Rudolf Steiner said that there are times in history when many souls feel the need to incarnate at the same time. They have a karmic need to be alive for critical events in world history. I don't have the insight into what the even was that our generation was here for, nor this new gang that is coming now. What I do feel is hope. New babies always bring me hope. The children that I have met all seem to be remarkable. Many are being born bringing an aura of having it all together. They are beautiful, engaging, smart, wise. I don't think this just because I have a grandmother's bragging rights. I see it in random kids I walk by in the park. I see it in the stores.

These kids give me hope. I hope they are a mighty force to turn things around and bring humanity to a better place, bring the world into balance, bring light into the darkness. That is what I am hoping.

Friday, April 26, 2013

I pressed the panic button.

I forgot where I was yesterday when I was in a coffee shop in Oregon, USA and I thought I had lost my wallet. I forgot I was home where I could easily get replacements for any documents I needed.  When I travel and bum around a lot, there are very few possessions that I care about. I tend to bring well used luggage after having seen that high end pack packs are the first to get stolen. I often take clothes that are at the end of their usefulness, so that I have no bad feelings about leaving them behind.

But the wallet! The passport! My Kindle! My debit card! My phone! My tiny computer! When I had my panic yesterday, I remembered the crying people at the airport a month ago who had been robbed and were missing their flight and didn't have the money to get a taxi to the Embassy. For a second, I was far away and had no proof of who I am. It was only a second before my friend caught sight of the wallet and the flash was over.

Two problems presented themselves in that flash. Who am I ? And how did my list of necessities turn into a list of widgets? It used to be that the most important things I brought on a trip were travelers checks, a good book, food and my passport. Travelers checks are over, history. Young people probably don't even know about them. They were money you bought from a company like American Express which could be cashed anywhere and were insured so that if they were lost or stolen, they would be replaced. American Express and the advent of plastic cards ended that. American Express got a well deserved reputation for not reimbursing the banks and the stores for months. No merchant wanted to deal with them.
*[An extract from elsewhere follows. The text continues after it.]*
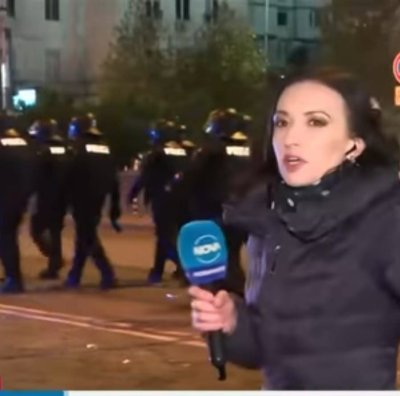 Бомба: Острие на НОВА напуска медията заради назначаването на "наши хора"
The good book thing just can't compare to the Kindle on the road. My son and I ran out of books on a beach vacation in Central America and it was a very desperate situation. I read myself to sleep every night. Before I travel now I put tons of emergency books on the Kindle. It is like money in the bank. And a replacement Kindle comes faster than an ordered book.

I need to bring food along more than ever. If we are going down memory lane, remember the days when you got a tasty hot meal on an airplane? Now, it is often a problem to have enough time between flights to buy something in the airport. Moan.
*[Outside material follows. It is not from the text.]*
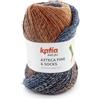 Katia Azteca Fine Socks & More
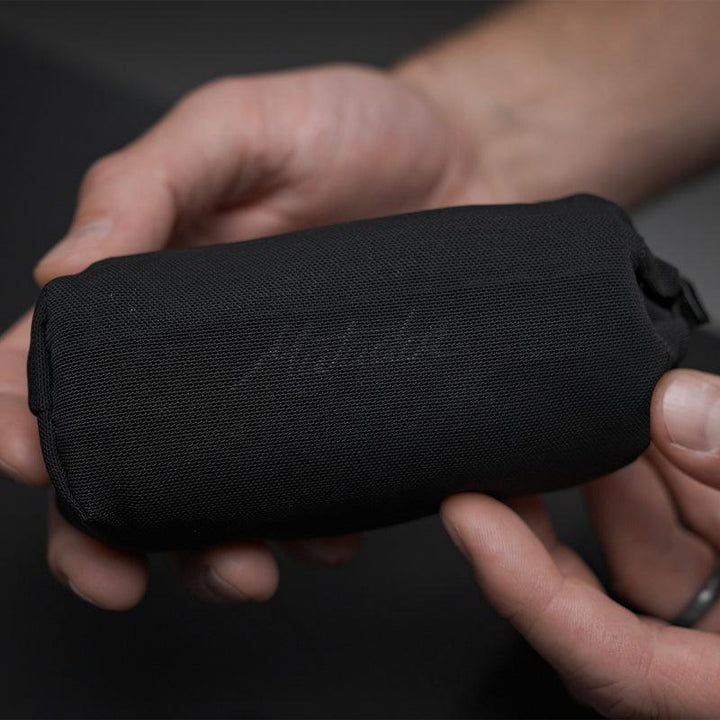 Ultralight Travel Towel - Large 120 x 60cm - Nitecore Singapore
Now the real question. Without my wallet (passport, drivers license, credit card, insurance card) who am I? Without the widgets, how can I communicate? I have lived in places without electricity. I have lived in places without food (El Salvador, Highlands of Guatemala during the 'troubles')  This panic represents a new insecurity to me, which arrived with my dependence on little devices. I don't really like the feeling. I certainly will examine it. I am not a piece of paper or plastic. I would have supposed that I would feel more secure with all this connectivity. That isn't my current experience. I feel more dependent. I am going to assume that when I examine this panic, I am going to free myself from it. I know that being without the accoutrements of contemporary civilization doesn't take away my humanity and doesn't take away other people's kindness. Sometimes it is also the beginning if an adventure.

I remember when we tried out restaurants or hotels or hostels without reading 50 reviews of them It was kind of exciting.Yes, I am going to put my stock in the adventure of it all next time I think I have lost my wallet and not press the panic button. 

Thursday, April 25, 2013

At our age, I guess we all have some melancholia.

Hung out with girlfriends last night. It was a gorgeous night. It was also a bit of a desperation dinner. Girlfriends came loaded with grief and anger and disappointment. I had kind of rehearsed my misery during my glorious walk in the park yesterday. I came fully loaded, wanting wisdom, sympathy and center stage.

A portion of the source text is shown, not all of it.